A vpn-filter is applied to post-decrypted traffic after it exits a tunnel and to pre-encrypted traffic before it enters a tunnel.
When a vpn-filter is applied to a group-policy that governs an L2L VPN connection, the ACL should be configured with the remote network in the src_ip position of the ACL and the local network in the dest_ip position of the ACL. I know it's weird.

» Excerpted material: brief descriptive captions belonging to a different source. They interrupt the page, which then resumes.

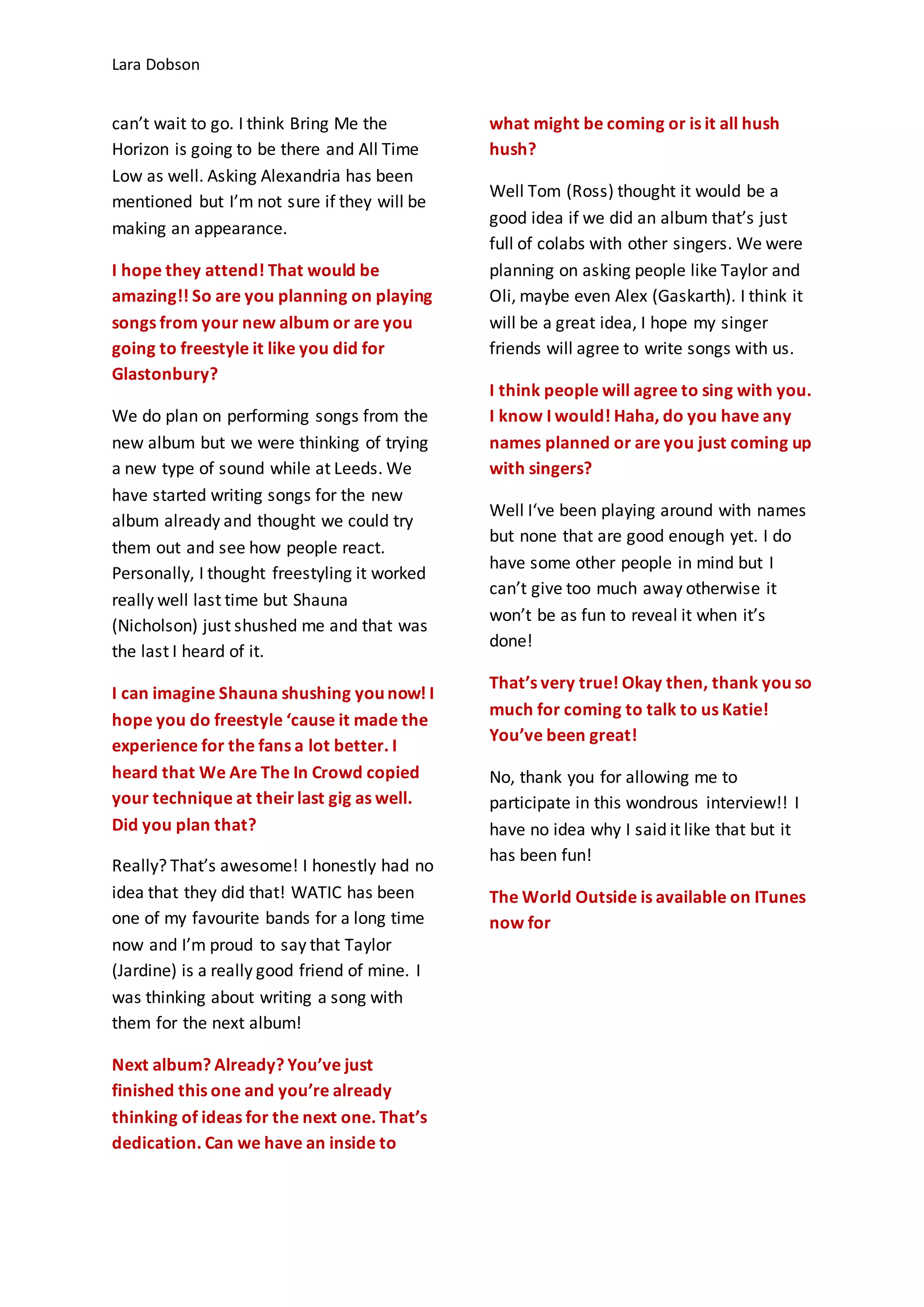 Interview Transcript for magazine | DOCX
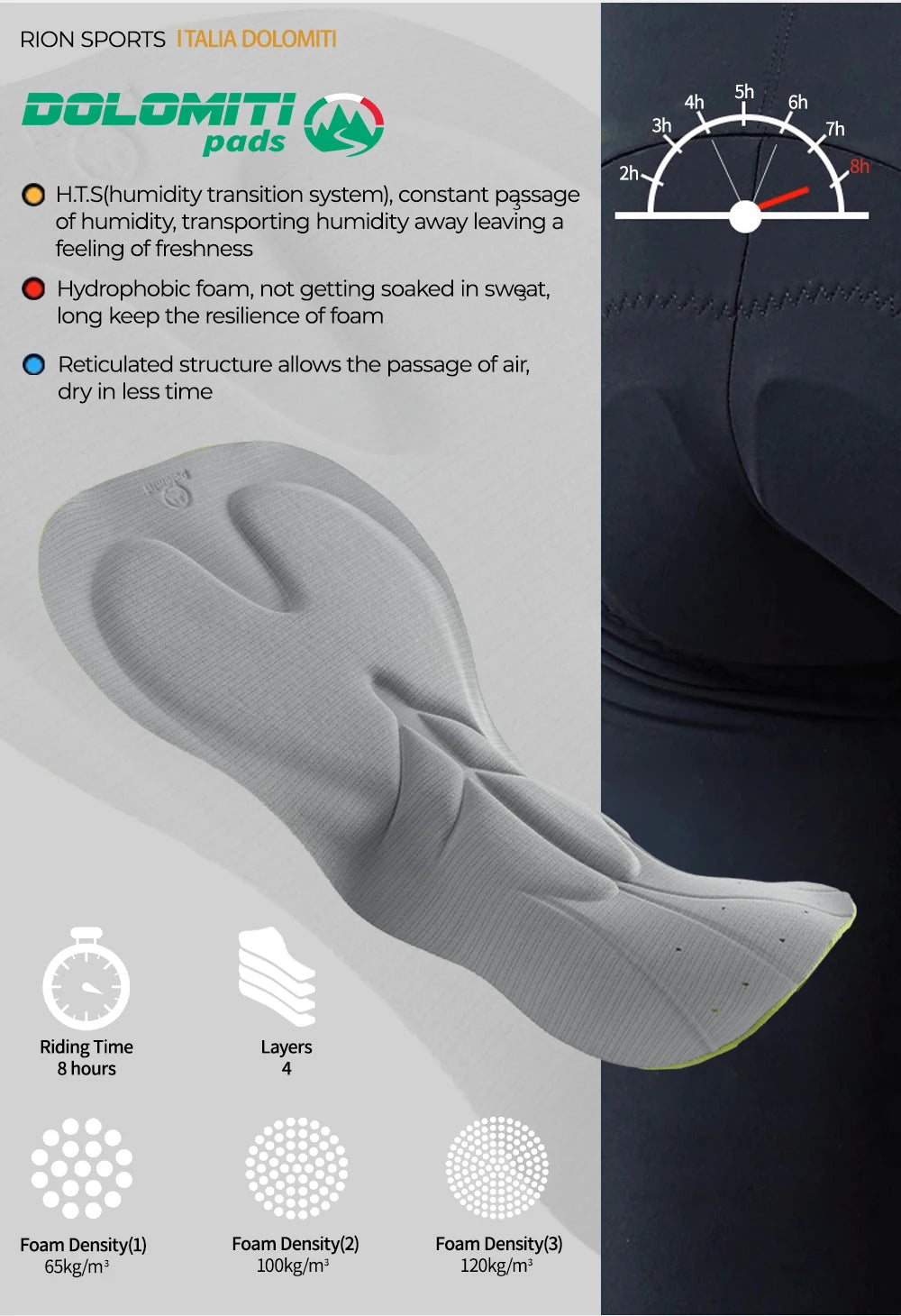 RION Cycling Bib Shorts Men Mountain Bike MTB Padded Tights Bicycle Clothes Pro Male Bibs Dolomiti 8H Long Distance Road Riding
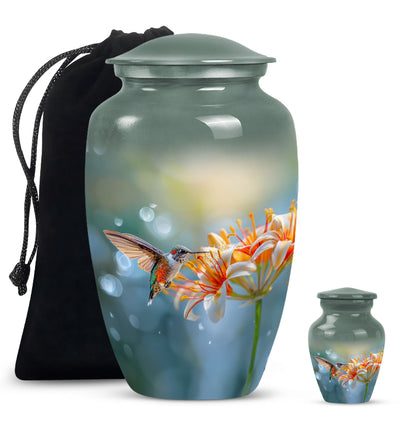 Classic 10-inch humming bird urn for burial 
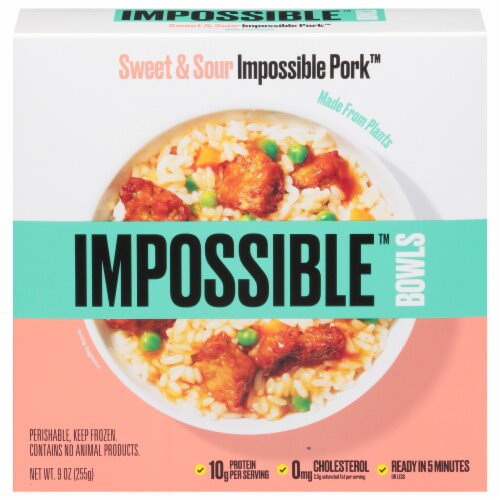 Impossible™ Bowls Sweet & Sour Impossible Pork™ Plant-Based Frozen Meal Perspective: front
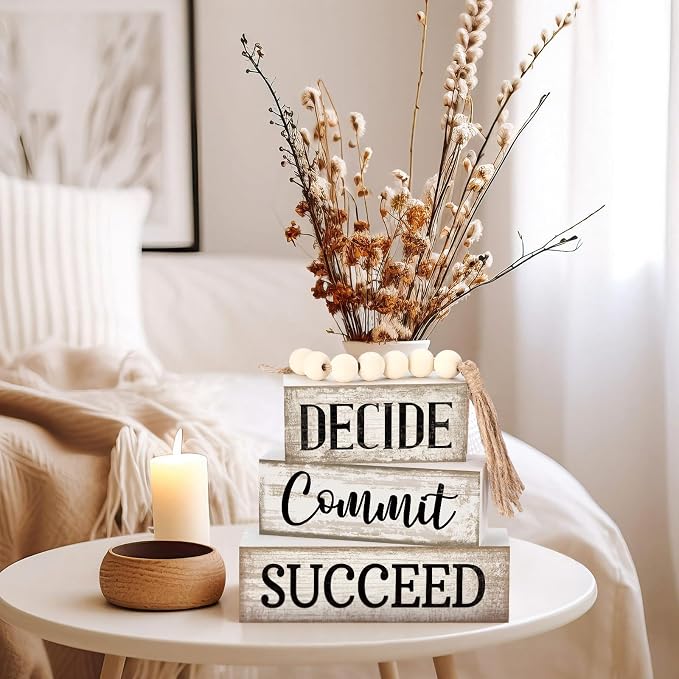 4 Pcs Inspirational Farmhouse Table Decor Rustic Motivational Wooden Stacked Block Decor,Decide Commit Succee Sign with Wood Bead Tassel, Inspirational Tiered Tray Decoration for Home - Image 7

This blog post assumes that you have a basic understanding of site-to-site VPNs. If you are not familiar, please check out my other post here.
Example
Let's assume that we have a site-to-site VPN between our ASA and a supplier Firewall. With the vpn-filter, what we can do is, restrict the traffic traversing the VPN tunnel.
Traffic restrictions
- Our local subnet (10.10.10.0/24 ) can only access 10.10.20.200 on port 443
- Supplier subnet (10.10.20.0/24) Â can only access 10.10.10.101 on port 22.
- Deny everything else.
Create objects and NAT
object-group network LOCAL
network-object 10.10.10.0 255.255.255.0
object-group network SUPPLIER
network-object 10.10.20.0 255.255.255.0
nat (inside,outside) 1 source static LOCAL LOCAL destination static SUPPLIER SUPPLIER no-proxy-arp route-lookup
If you need to learn more about Cisco ASA NAT, please check out my post here
Define interesting traffic
Define the interesting traffic which will trigger the creation of the VPN tunnel.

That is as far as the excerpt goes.